=== About this exercise ===
Working from the entries that follow, transcribe exactly and only the lines from the one with "2015 MERCEDES-BENZ GLK 350" through the last, pictures excluded.

=== Material for this task ===
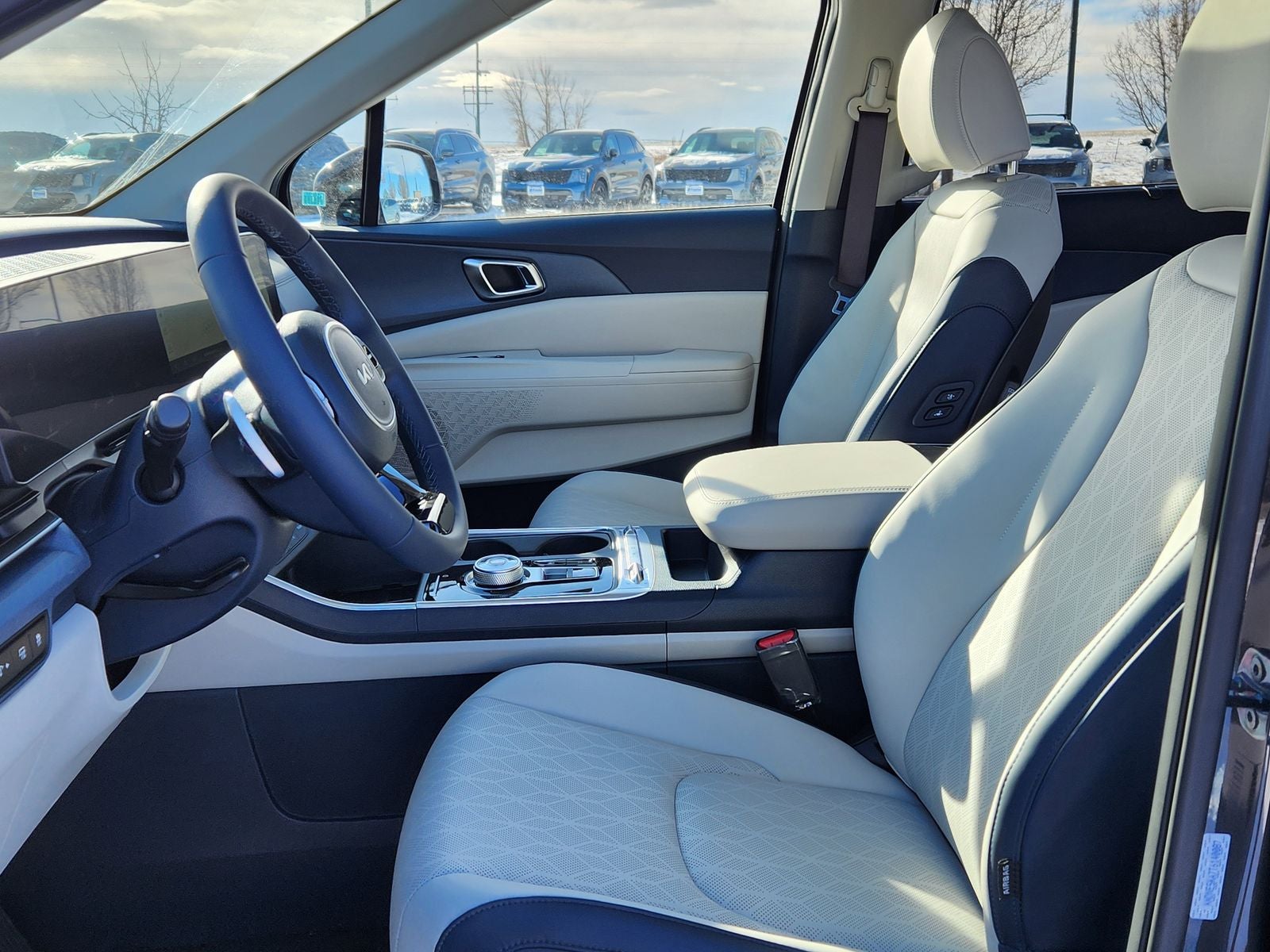 2026 Kia Carnival Hybrid SX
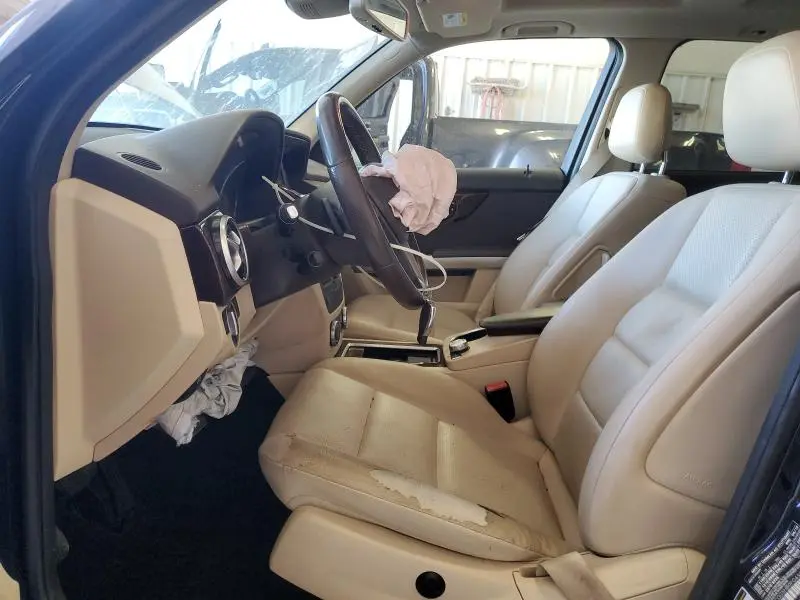 2015 MERCEDES-BENZ GLK 350  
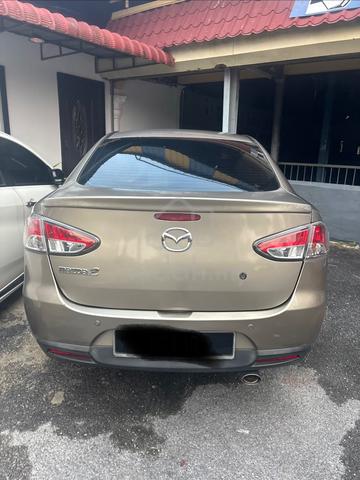 2011 Mazda 2 1.5 R DP55-RAA (A) - 5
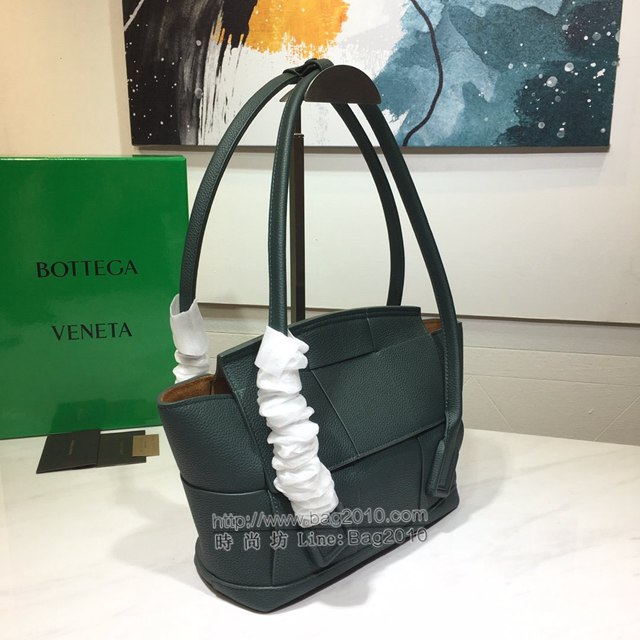 Bottega veneta高端女包 寶緹嘉爆款THE ARCO編織款手提包  BV經典款蝙蝠包  gxz1112
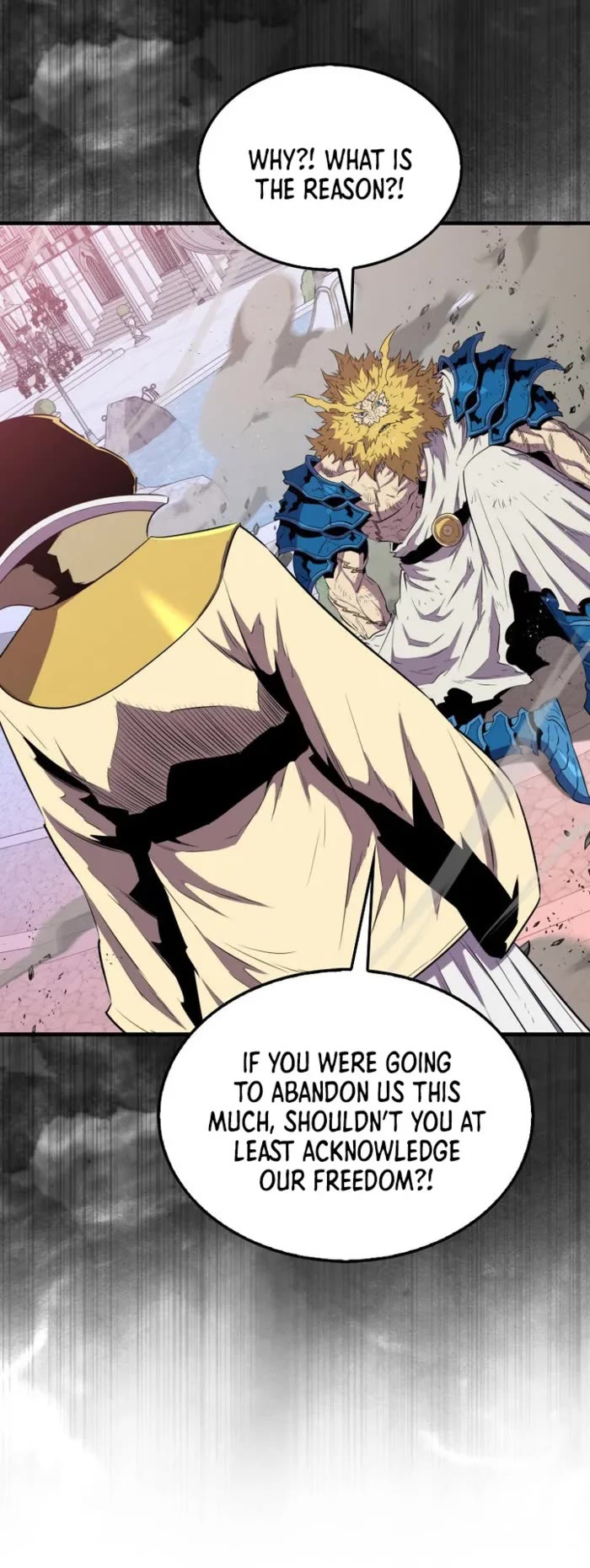 Sleeping Ranker chapter 135 page 12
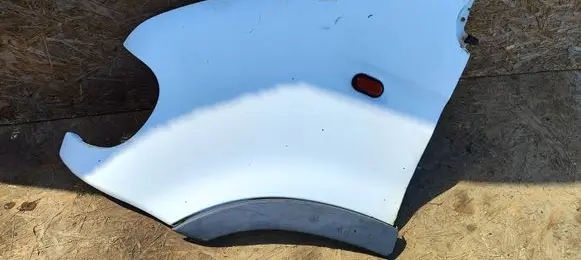 Renault Master II Fender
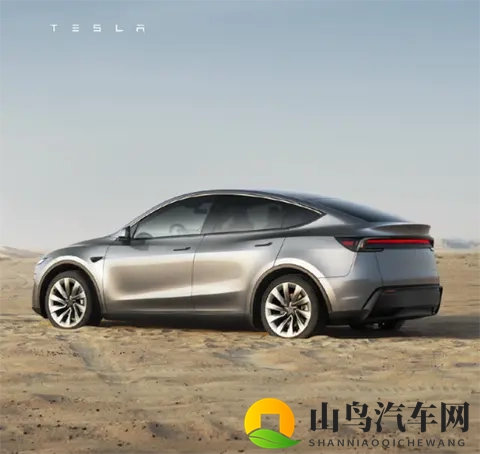 2885万！特斯拉Model Y长续航后驱版上市，续航突破800公里-3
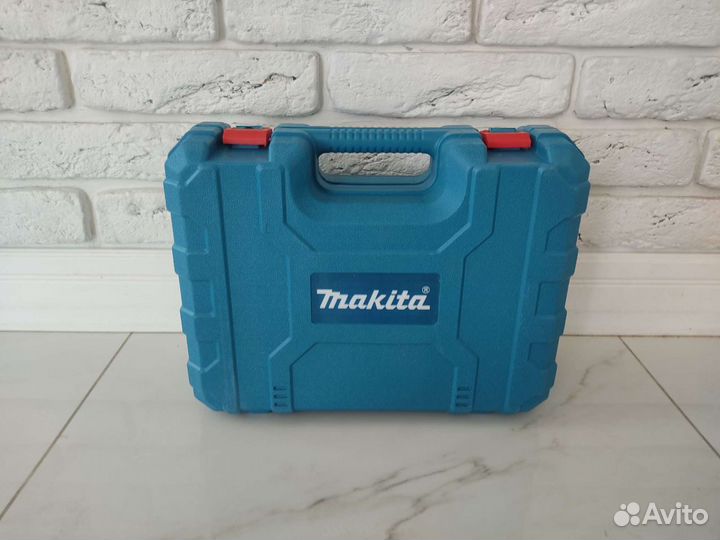 Пила цепная аккумуляторная makita 21v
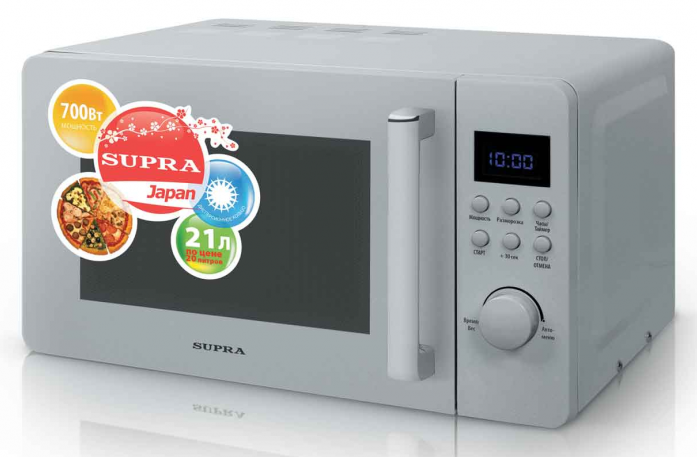 Микроволновая печь Supra MWS-2103TS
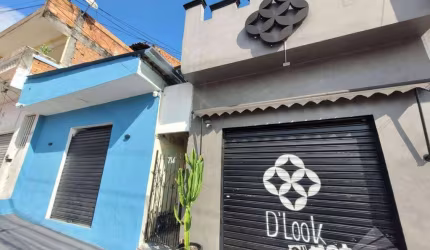 Casa com 2 dormitórios à venda, 149 m² por R$ 600.000,00 - Jardim Quarto Centenário - Mauá/SP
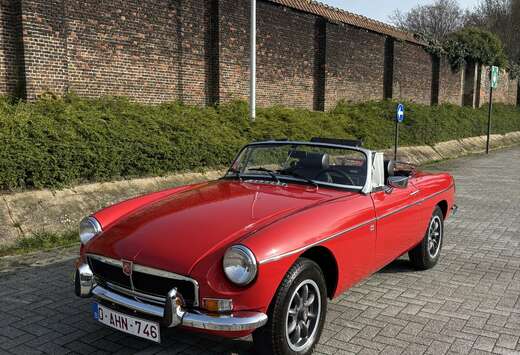 MG Sportuitlaat / Direct Beschikbaar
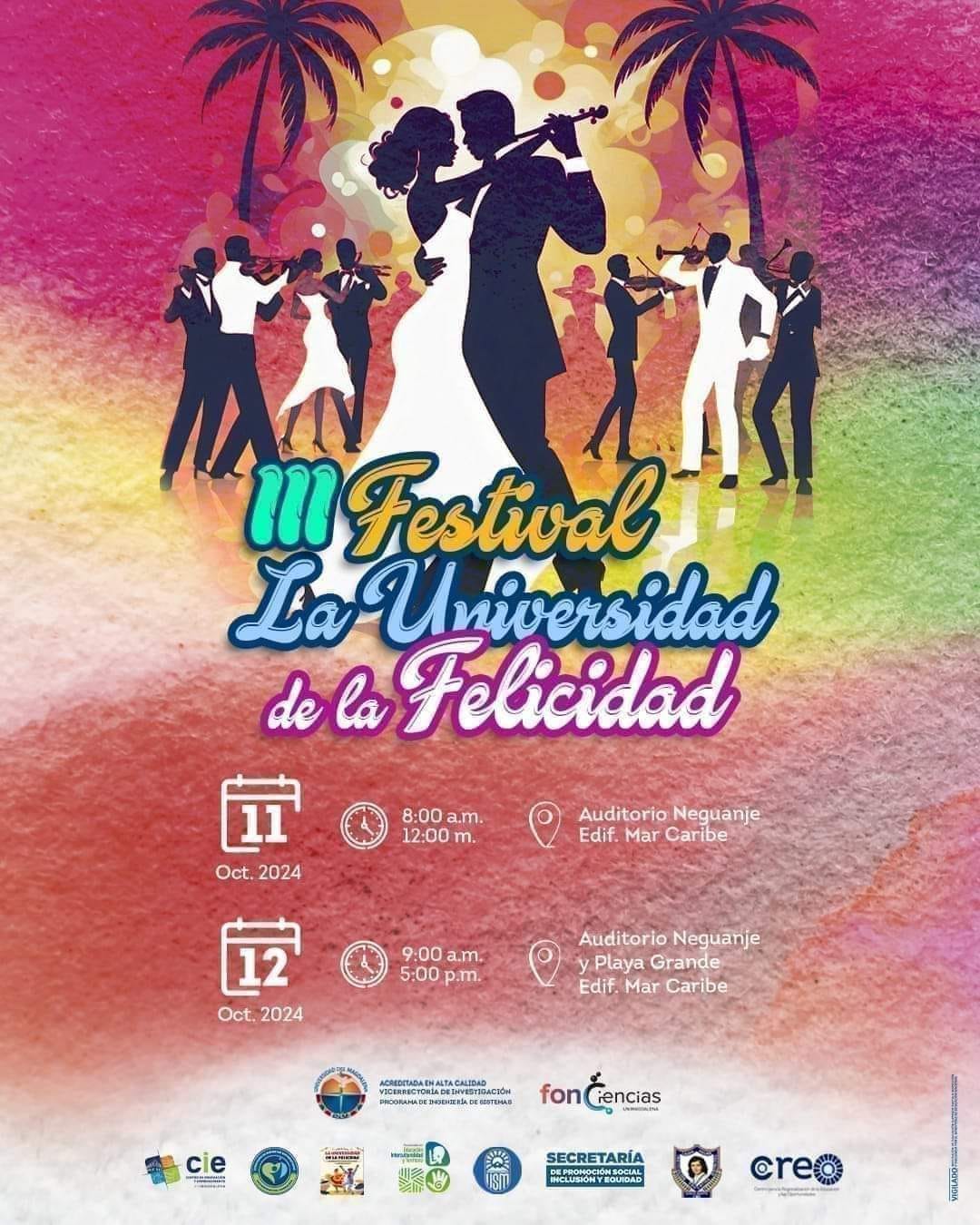 III Festival de la Felicidad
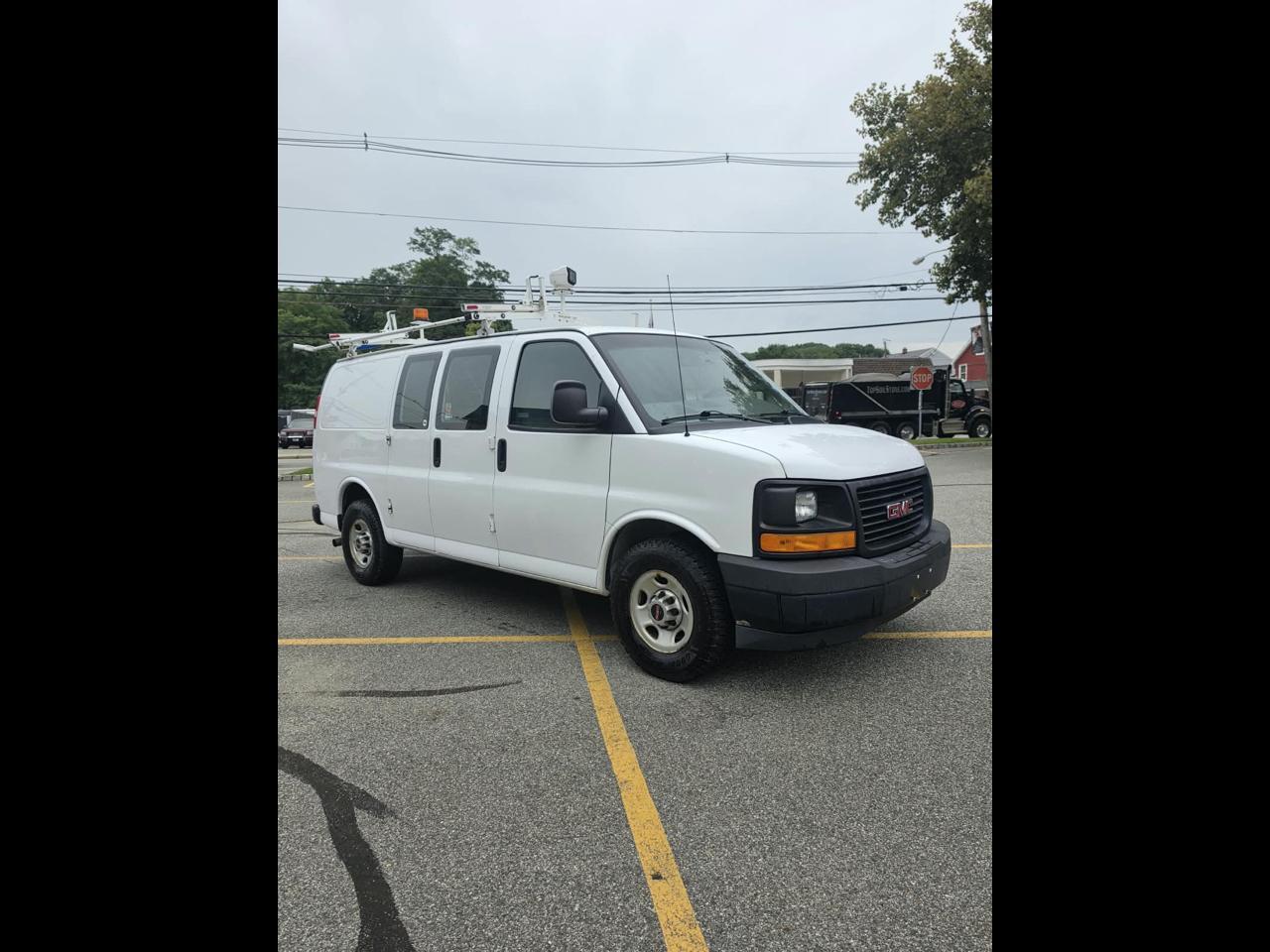 2017 GMC SAVANA in Haskell, NJ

=== Answer space ===
 2015 MERCEDES-BENZ GLK 350  
 2011 Mazda 2 1.5 R DP55-RAA (A) - 5
 Bottega veneta高端女包 寶緹嘉爆款THE ARCO編織款手提包  BV經典款蝙蝠包  gxz1112
 Sleeping Ranker chapter 135 page 12
 Renault Master II Fender
 2885万！特斯拉Model Y长续航后驱版上市，续航突破800公里-3
 Пила цепная аккумуляторная makita 21v
 Микроволновая печь Supra MWS-2103TS
 Casa com 2 dormitórios à venda, 149 m² por R$ 600.000,00 - Jardim Quarto Centenário - Mauá/SP
 MG Sportuitlaat / Direct Beschikbaar
 III Festival de la Felicidad
 2017 GMC SAVANA in Haskell, NJ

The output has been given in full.